To Mr. Jackson, linemen were not guards and tackles, they were “the big uglies.” Running backs didn’t drop the ball, there was a “fuumm-bull!” Of an undersize player, he might say, “He’s a little-bitty thing, a bantam rooster. But he’s young. If he keeps eatin’ his cornbread, he’ll be man-sized some day.”
And, of course, there was “Whoa, Nellie!,” his signature phrase.
Or was it?
Strangers in restaurants, airports, stadium parking lots and downtown streets would sidle up to Mr. Jackson and bellow, “Whoa, Nellie!” He, however, always maintained that he might have used the phrase a time or two early in his career but that mostly it was the work of impersonators, primarily Roy Firestone, who were responsible for the spread of the phrase.
“This ‘Whoa, Nellie!’ thing is overrated,” he said frequently. “There were all kinds of stories going around. People said I had a mule in Georgia named Nellie.

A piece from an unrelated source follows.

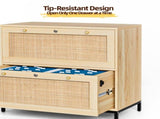 Wide 2-Drawer Wooden Filing Cabinet, Light Oak Color, MDF with Melamine Veneer & Rattan Panel 93775717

Well, we had a mule in Georgia, but her name was Pearl.”
Despite his protests, however, Mr. Jackson enthusiastically proclaimed, “Whoa, Nellie!” in a beer commercial late in his career.
He was so entrenched in college football, that ABC wouldn’t let him retire the first time he tried. He announced before the 1998 season that it would be his last, that, at 70, he was tired of getting on airplanes.
But he was back in the booth in the fall of 1999, lured by the network with a promise of keeping him close to his home near Los Angeles by restricting his assignments to the Pacific time zone. He finally called it a career after describing the Texas-University of Southern California national championship game at the Rose Bowl in early 2006.
If Mr. Jackson was highly regarded by viewers and listeners, he was equally respected by many coaches.
“He’s my hero,” former Iowa coach Hayden Fry once told the Associated Press. “He stands for all the good things associated with college football.”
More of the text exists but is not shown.